In brief I may say that on my off day I stayed in bed until noon as usual but I did manage to do a little studying since I lay in bed with the Army Institute course. I won't tell you anything about the course at this time because that item can always wait.
In the afternoon, Larry and I walked out of camp and then got rides over to the airport. What we were after was the cost of a ride to Los Angeles. It is exorbitant. $42.64 for one way and double that for a round trip. Of course there are army bombers at $1 for the rental of the parachute. We inquired about them and the fellow says you just have to wait until a bomber comes in with an extra parachute. Since the Medford air base is only a stop over, there is no guarantee that you can always get a ride when you want it. If this was a large airport and they carried a supply of parachutes, they would have no trouble placing you on the very first bomber which came along.

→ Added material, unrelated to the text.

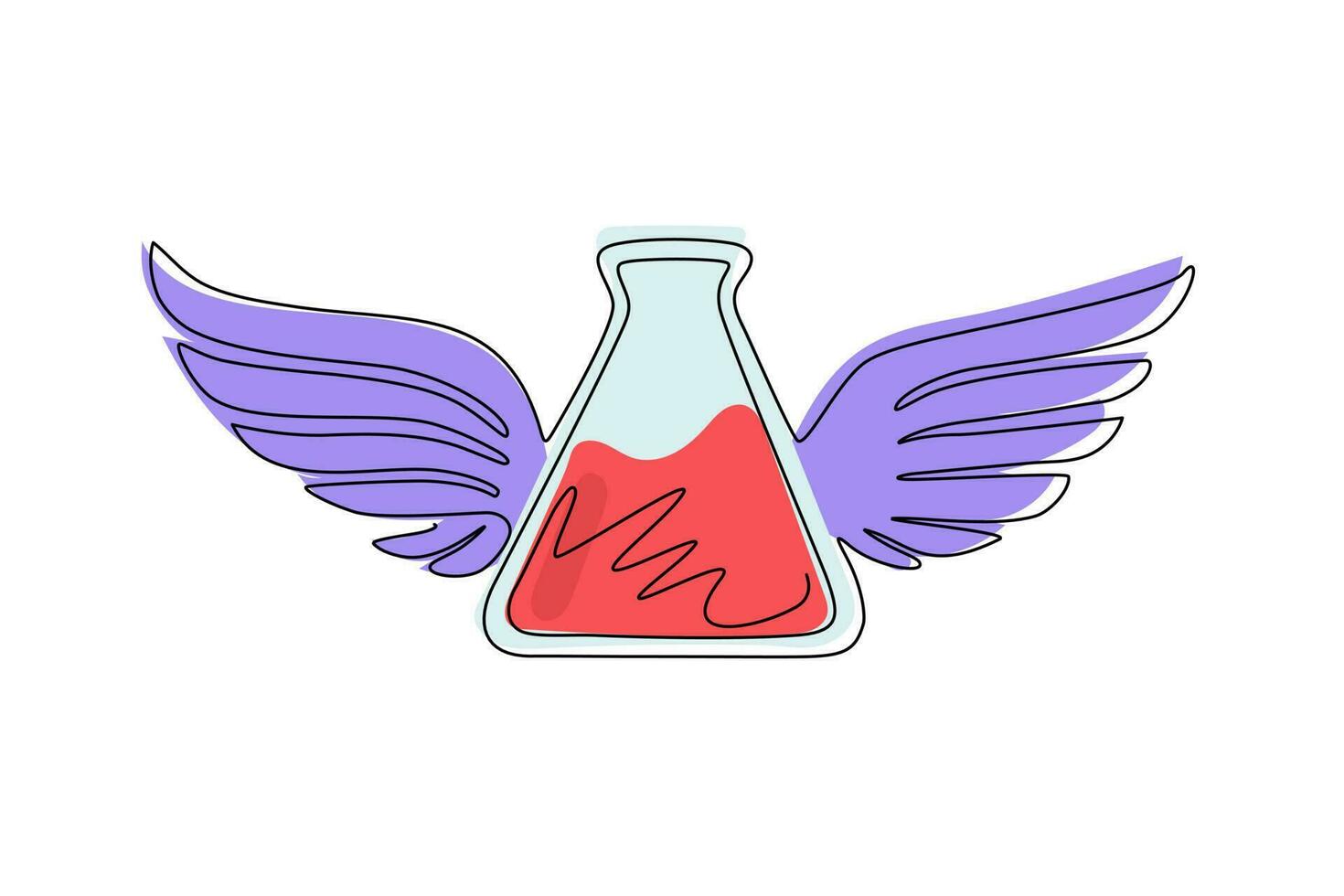 Continuous one line drawing flying test tube with wings. Winged science flask or beaker for medical healthcare. Chemical research laboratory logo. Single line draw design vector graphic illustration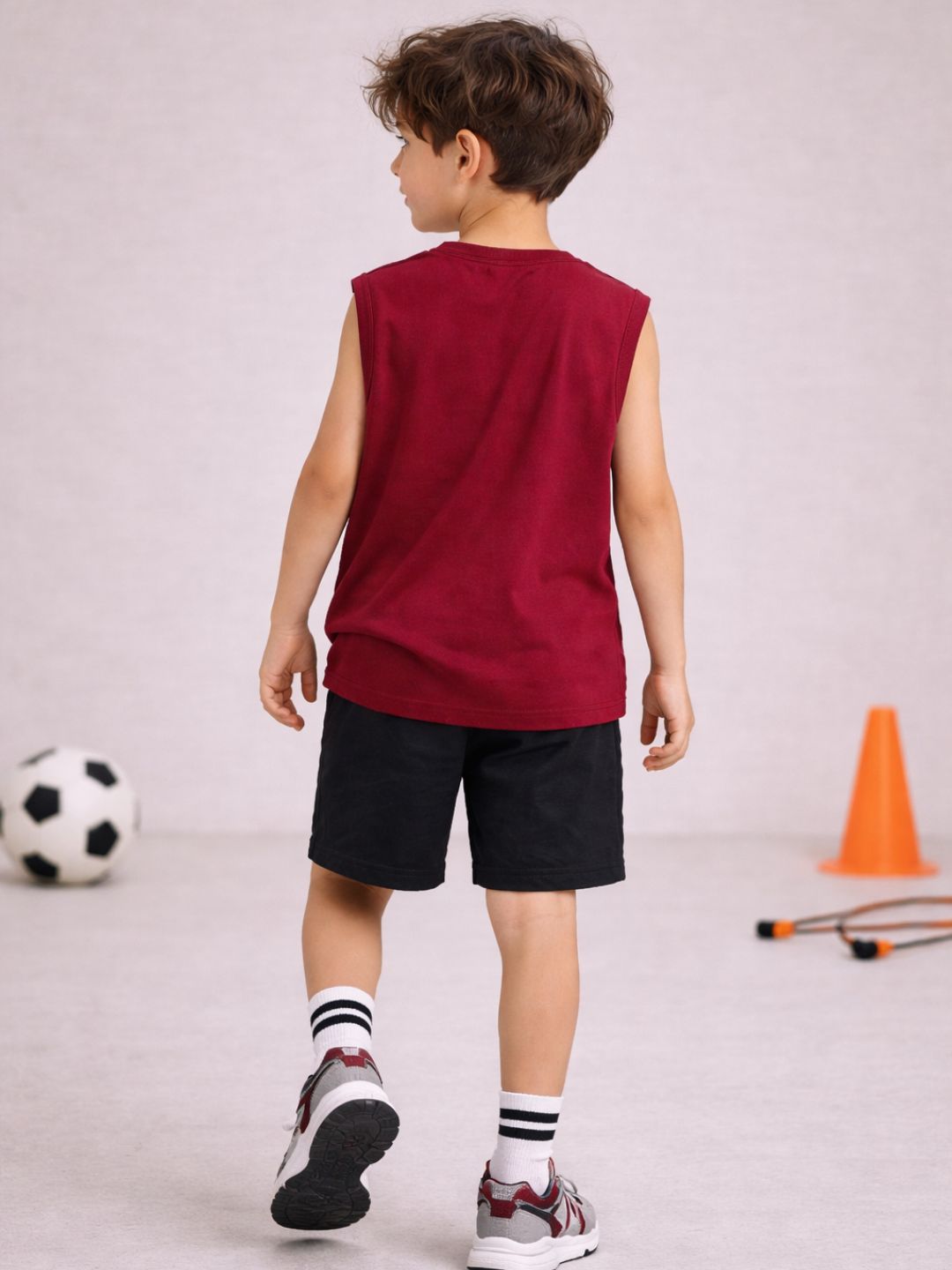 Boys Oversized Boxy Tank Top- Maroon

As we were walking to the airport a big Douglas B-17 came in and it was a giant. A United Airlines transport came in just a few minutes after the bomber and guess what the name of it was? Can't guess it, eh? Well it was "The City of Chicago". How we would have liked to been on that one.
There is a great deal more to that airport business than I have time to tell you of right now so all I can do is hope that next time when I type up more than one page, I will remember to tell you about it.
Last night I went to the show with John (Tommy) Edie and Lawrence (Larry) Isaacson. We saw "Forever and a Day". There wasn't an extra player in the thing. Every player was either a star in his own right or a strong supporting player. For example there was C. Aubrey Smith, Ida Lupino, Merle Oberon, Ray Milland, Charles Laughton, Claude Raines, Ian Keith, Edward Everett Horton, Sir Cedric Hardwicke, Herbert Marshall, Nigel Bruce, Victor McLaughlin, Robert Cummings, Roland Young, Brian Aherne, Donald Crisp and millions of others. It is worth seeing for the stars alone for the story itself was neither gripping nor dramatic.
Well, it looks as if my letter is going to be shorter than even I expected it would be.